Instructions to follow
Excluding any images, copy all of the lines below precisely as written.

Information supplied
====================
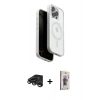 MARSİLYAN™- iPhone 15 Pro Max Kılıf Pusula Form Serisi - Siyah Bilvis 3D Cam Ekran Koruyucu + Raze Metal Kamera Lens - TMGI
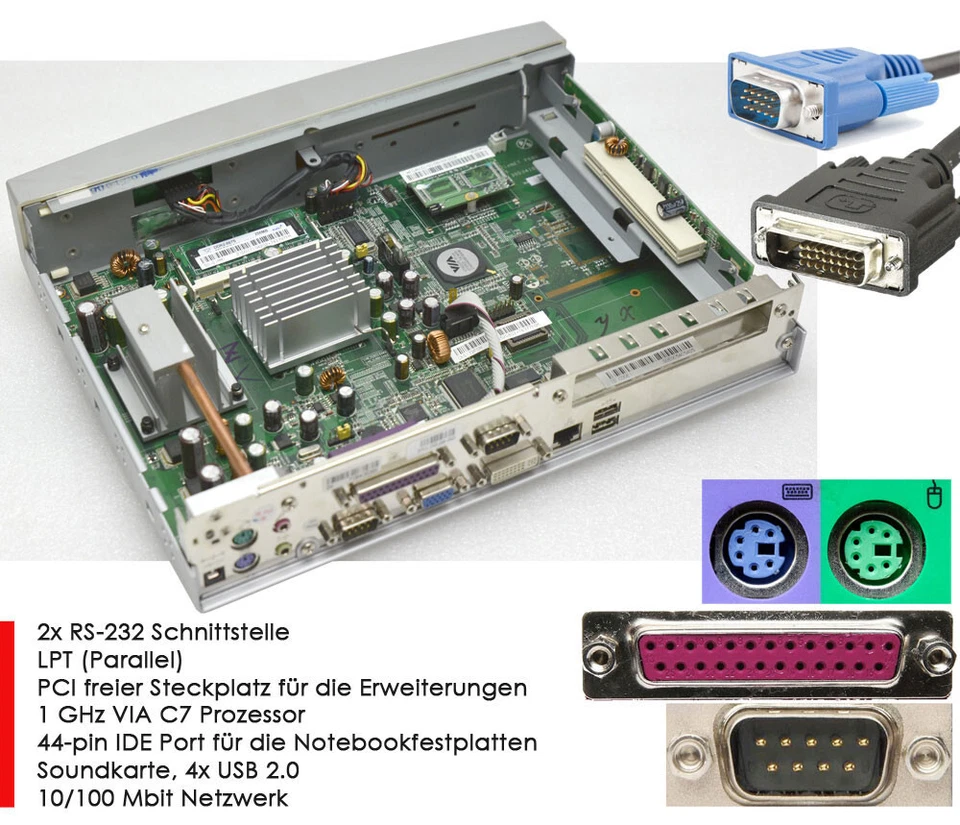 Mini Computer Neoware DVI VGA PCI 1GB SSD 12V Lpt RS-232 Old Games CA22-1GB - Image 3 of 4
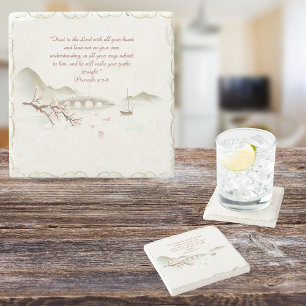 Misty Blossom Crossing Bible Verse Ceramic Tile Stone Coaster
====================
Written response
 MARSİLYAN™- iPhone 15 Pro Max Kılıf Pusula Form Serisi - Siyah Bilvis 3D Cam Ekran Koruyucu + Raze Metal Kamera Lens - TMGI
 Mini Computer Neoware DVI VGA PCI 1GB SSD 12V Lpt RS-232 Old Games CA22-1GB - Image 3 of 4
 Misty Blossom Crossing Bible Verse Ceramic Tile Stone Coaster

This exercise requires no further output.